There has been proposed, see for example British Patent Specification No 925080, a method of manufacturing an electrode composed of a core of titanium and a porous coating of a metal of the platinum group. The titanium core was provided with a barrier layer by anodising or by oxidation before the coating was applied to it. The British Patent Specification refers to the advantages of such a method, stating them to be the avoidance of any necessity prior to coating with a metal of the platinum group to have to remove the oxide film naturally occurring on titanium. Further advantages are said to be the certainty that the titanium will be protected from corrosion by the barrier layer, even under the coating of a metal of the platinum group, which could be significant should said coating be damaged, the avoidance of any need to remove the barrier layer when a fresh coating of the platinum group is to be applied, and the ease in providing an adherent coating of the metal of the platinum group.

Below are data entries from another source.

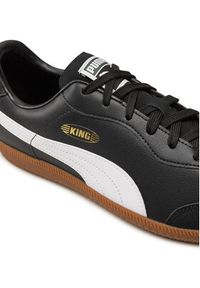 Puma Buty do piłki nożnej King 21 IT 106696 Czarny. Kolor: czarny. Materiał: skóra #2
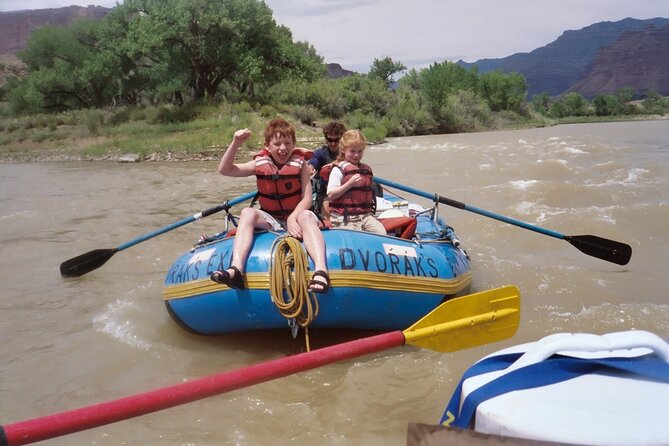 1-Day Arkansas River - The Numbers Rafting Trip - The Whitewater Experience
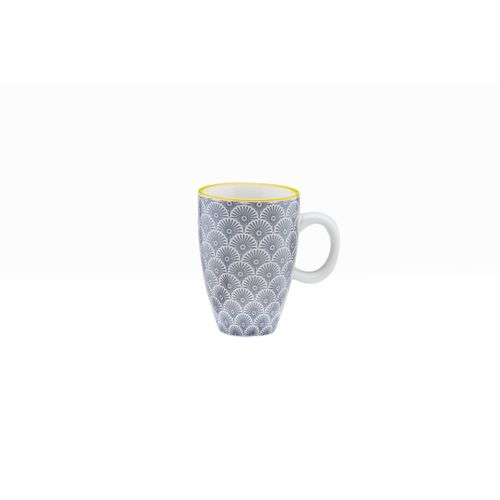 Tasse Pattern 9cl - 6 Pièces - Eclipse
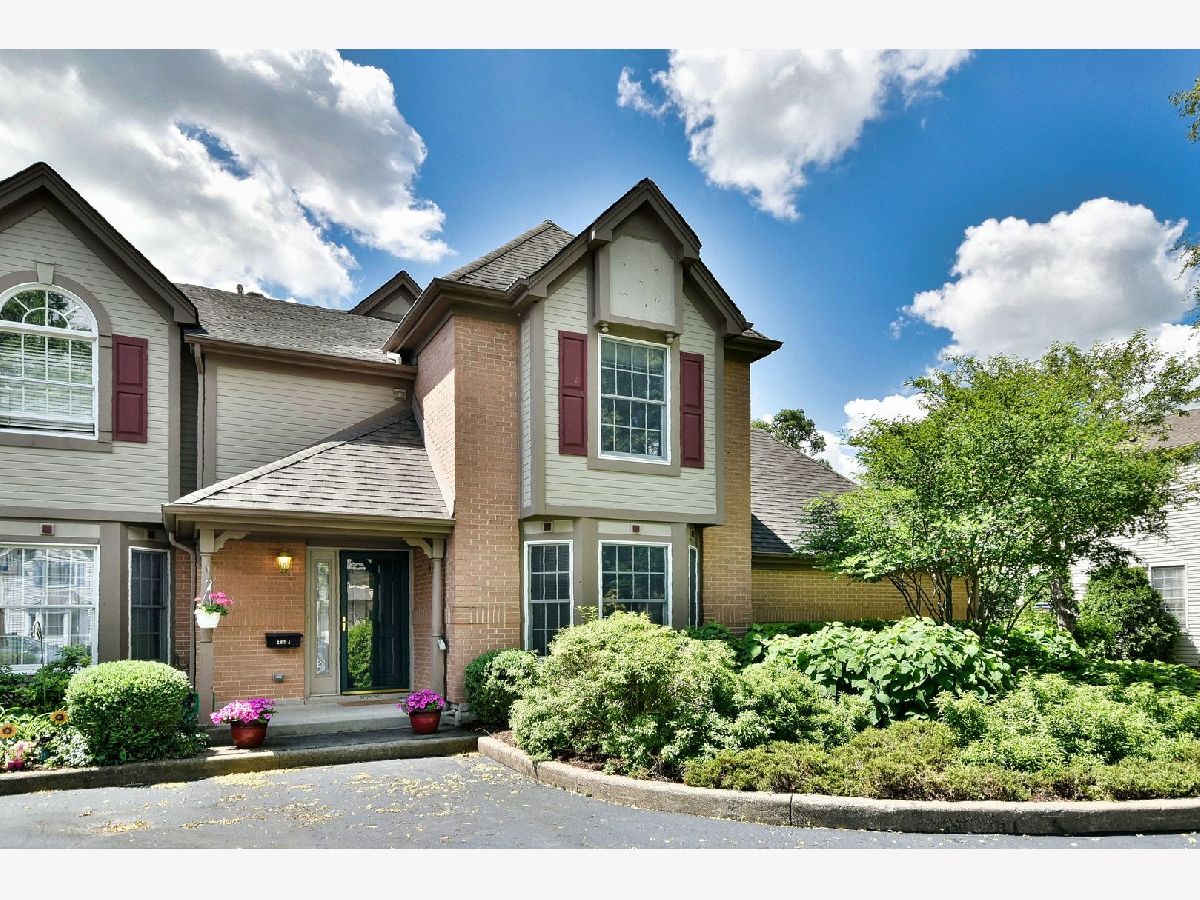 Townhomes Sold Wild Meadows Trace Elmhurst Illinois, 262 Eggleston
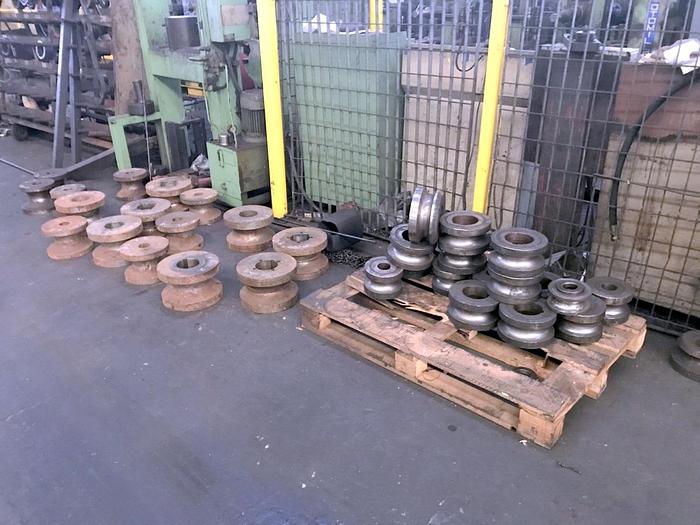 Used OTO MILLS   5" ERW Tube Mill (Used) #3571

In British Patent Specification No 1327760, there is described an improved method of applying a barrier layer onto the film-forming metal. Basically, the method comprises inserting a film-forming metal surface into a solution of titanium and depositing an oxide of titanium onto the film-forming metal surface. An electrically conductive and electrolyte-resistant layer is then applied to the titanium oxide surface.
It has now been discovered that a great improvement in the method of manufacturing an electrode can be obtained by depositing more than one oxide layer from a solution and heating each oxide layer above ambient temperature to dry out the layer thoroughly before applying any further oxide layer to the surface. This change in procedure leads to a significant increase in the durability of the coating.
Without prejudice to the present invention, it is believed that heating the oxide layer above ambient temperature causes it to crack as the moisture contained in the layer is driven off. Any subsequent layers which are applied and heated also crack, but since the cracking is at random, there is a reasonable possibility that the cracks will not coincide. The effect of this is to reduce the direct path between the outer surface of the eventual electrode and the film-forming metal substrate. Clearly, if more than two layers are used, the probability of a direct path is further reduced. If the oxide layers are not dried above ambient temperature, however, the moisture is retained and the oxide layer does not produce anything more than incipient cracking. This means that any substrate oxide layer applied is effectively continuous with the first layer and when heated above ambient temperatures, both layers crack as a single unit.